Pero alguien llegó, con
montadura de humildad y mansedumbre, ofreciendo de comer y beber, mas nadie
abrió, la puerta adornada de “no pase” siguió cerrada. Sus heridas que eran mis
heridas, ensangrentaron los jardines de opulencias (mi opulencia) y levantando el
polvo de la maledicencia (mi maledicencia) con el madero a cuestas. Se quedó en
pie, tambaleándose, el manto purpura se hacía húmedo de la sangre, llevaba una
espinada corona trenzada y adherida a sus cienes, la espalda surcada de golpes
y adornada de moretones y llagas sangrantes.
Allí estuvo no se movía, y
las puertas no se abrían. Siete días se mantuvo en pie, aguardando, más nadie
le abrió. Ese día antes de caer, con su mano derecha tocó la puerta de mi
corazón, un escalofrío hiso rechinar las paredes de la torre y las almenas se encendieron,
se escuchó en los pasillos de la trinchera una voz suave y queda, que como
brisa tranquila acarició los muros de egoísmos, un temblor agrieto las paredes,
y un fuerte viento azotó el lugar. Mientras que afuera de la muralla, en la
puerta, el hombre maltrecho y ensangrentado cayó rostro en tierra, todo quedó
en calma, un charco de sangre y agua inundó la planicie de la montaña donde se
había construido la trinchera.
Todo comenzó a caer, los
jardines de anegaron de agua y sangre, las paredes caían como castillo de
naipes, las almenas humeantes fueron apagadas por el viento recio que también hizo
volar el techo de la comodidad y los almohadones de acomodamiento.
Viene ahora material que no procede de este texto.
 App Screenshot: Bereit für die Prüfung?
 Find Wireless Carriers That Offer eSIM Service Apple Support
Nuevamente
estaba yo sólo en medio de la montaña, rodeado de sangre y agua. El hombre
sangrante ya no estaba, desapareció dejando mucho silencio a su paso, solo
estaba yo. La oscuridad se cernió sobre el lugar, mucho ruido había en mi
mente, mi corazón latía vertiginosamente y muchos recuerdos llegaron a mis
ojos.
Me había vuelto a perder. Me
había dejado llevar por el egoísmo y la soberbia. Había echado a un lado lo
bonito de sentirse amado y libre. Dos días meditando y reflexionando, al tercer
día, muy de madrugada, cuando yo aún seguía a la intemperie de la planicie,
tiritando de frio, hambriento y sediento, una luz radiante inundo el lugar, mis
pupilas se contrajeron, mi palidez era notoria, mis ojeras me delataban, las
lágrimas habían hecho dos líneas que surcaban mis cara llena de lodo.
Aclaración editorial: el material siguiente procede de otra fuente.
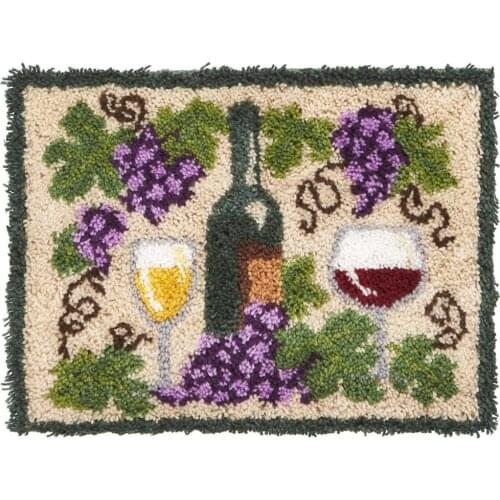 Latch Hook Kits Cat with Pre-Printed Pattern for Adults and Kids Wine Picture Home Decoration Tapestry Rug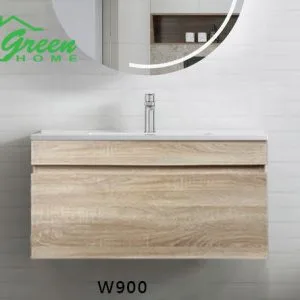 900mm Plywood Wall Hung Single Drawer Vanity - White Oak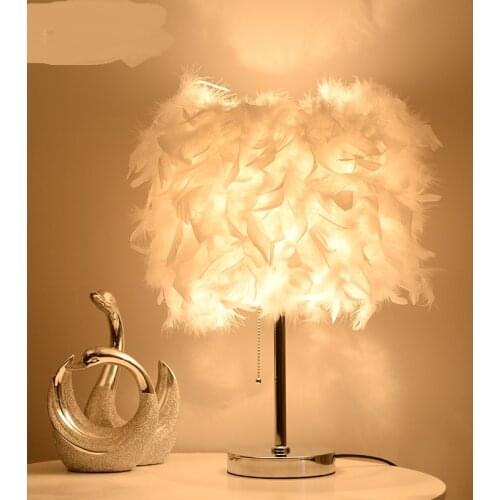 European style feather landing lamp wedding decoration white bedroom bedside creative living room small lighting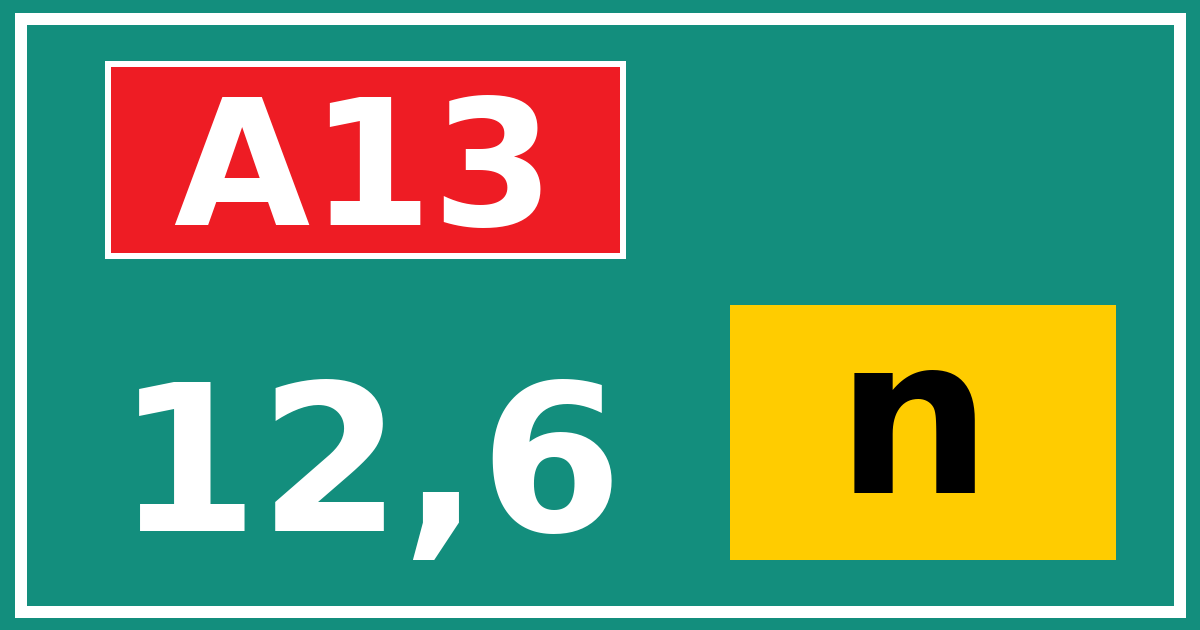 Hectometerbord A13 12,6 letter n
Aquel que antes sangraba por
sus heridas estaba de pie, hermoso y radiante, ahora de sus heridas brotaba luz,
no sangre. Se acercó a mí, me tomó de la mano y me levanto, me coloco un abrigo
de tranquilidad, me revistió de mansedumbre y confianza. Me abrazó fuertemente
y me dijo: “Despierta, tú que duermes, Y levántate de entre los muertos y te
iluminará Cristo”
Aunque vivía, estaba muerto.
Aunque lo anunciaba, me anunciaba a mí.
Gracias mi Señor Jesús, por
salvarme, redimirme y luchar por mí a precio de Sangre. Es la Pascua, el paso
del Señor. Él ha pasado por mi vida y me ha transformado.